• _TASK PROMPT_: Copy out each line below that has the word "Picture" in it.

(Stored entries)

....

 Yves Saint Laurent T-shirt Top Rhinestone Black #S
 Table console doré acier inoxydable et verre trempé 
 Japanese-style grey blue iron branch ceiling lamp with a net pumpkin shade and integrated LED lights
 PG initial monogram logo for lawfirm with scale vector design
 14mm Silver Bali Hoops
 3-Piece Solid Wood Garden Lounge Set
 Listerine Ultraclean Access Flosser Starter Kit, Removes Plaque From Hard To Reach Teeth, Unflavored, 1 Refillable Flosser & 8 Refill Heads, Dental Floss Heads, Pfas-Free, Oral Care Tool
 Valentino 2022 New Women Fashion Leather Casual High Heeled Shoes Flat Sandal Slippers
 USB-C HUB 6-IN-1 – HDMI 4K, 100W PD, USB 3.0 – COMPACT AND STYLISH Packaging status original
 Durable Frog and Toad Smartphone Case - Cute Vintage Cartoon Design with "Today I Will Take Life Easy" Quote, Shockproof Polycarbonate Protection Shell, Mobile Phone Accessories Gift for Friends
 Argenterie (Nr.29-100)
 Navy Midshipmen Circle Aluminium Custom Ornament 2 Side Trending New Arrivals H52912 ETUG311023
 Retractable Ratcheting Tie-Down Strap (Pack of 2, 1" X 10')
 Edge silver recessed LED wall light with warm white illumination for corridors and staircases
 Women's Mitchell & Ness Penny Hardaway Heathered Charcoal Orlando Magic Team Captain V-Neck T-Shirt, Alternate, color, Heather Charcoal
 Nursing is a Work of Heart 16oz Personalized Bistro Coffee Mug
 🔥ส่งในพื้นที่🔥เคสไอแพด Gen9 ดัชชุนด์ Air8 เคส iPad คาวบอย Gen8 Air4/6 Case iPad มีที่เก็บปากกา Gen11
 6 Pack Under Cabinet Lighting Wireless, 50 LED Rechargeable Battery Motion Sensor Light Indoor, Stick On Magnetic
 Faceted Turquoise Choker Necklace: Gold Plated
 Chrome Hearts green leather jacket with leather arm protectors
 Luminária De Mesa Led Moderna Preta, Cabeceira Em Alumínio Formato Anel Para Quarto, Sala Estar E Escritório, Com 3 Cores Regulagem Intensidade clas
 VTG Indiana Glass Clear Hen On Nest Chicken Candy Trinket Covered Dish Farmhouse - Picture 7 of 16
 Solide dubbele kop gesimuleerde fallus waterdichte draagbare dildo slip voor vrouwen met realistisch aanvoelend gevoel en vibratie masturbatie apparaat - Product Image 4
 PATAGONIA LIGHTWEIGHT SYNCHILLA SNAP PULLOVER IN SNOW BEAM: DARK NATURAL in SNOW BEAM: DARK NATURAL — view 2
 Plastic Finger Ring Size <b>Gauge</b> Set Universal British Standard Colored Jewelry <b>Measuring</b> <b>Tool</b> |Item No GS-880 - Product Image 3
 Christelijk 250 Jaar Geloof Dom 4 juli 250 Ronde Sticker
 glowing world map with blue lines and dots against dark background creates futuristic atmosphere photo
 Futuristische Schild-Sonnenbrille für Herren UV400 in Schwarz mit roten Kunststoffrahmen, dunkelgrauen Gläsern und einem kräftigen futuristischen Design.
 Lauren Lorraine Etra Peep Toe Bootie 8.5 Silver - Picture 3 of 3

....

• _TASK RESULT_:
 VTG Indiana Glass Clear Hen On Nest Chicken Candy Trinket Covered Dish Farmhouse - Picture 7 of 16
 Lauren Lorraine Etra Peep Toe Bootie 8.5 Silver - Picture 3 of 3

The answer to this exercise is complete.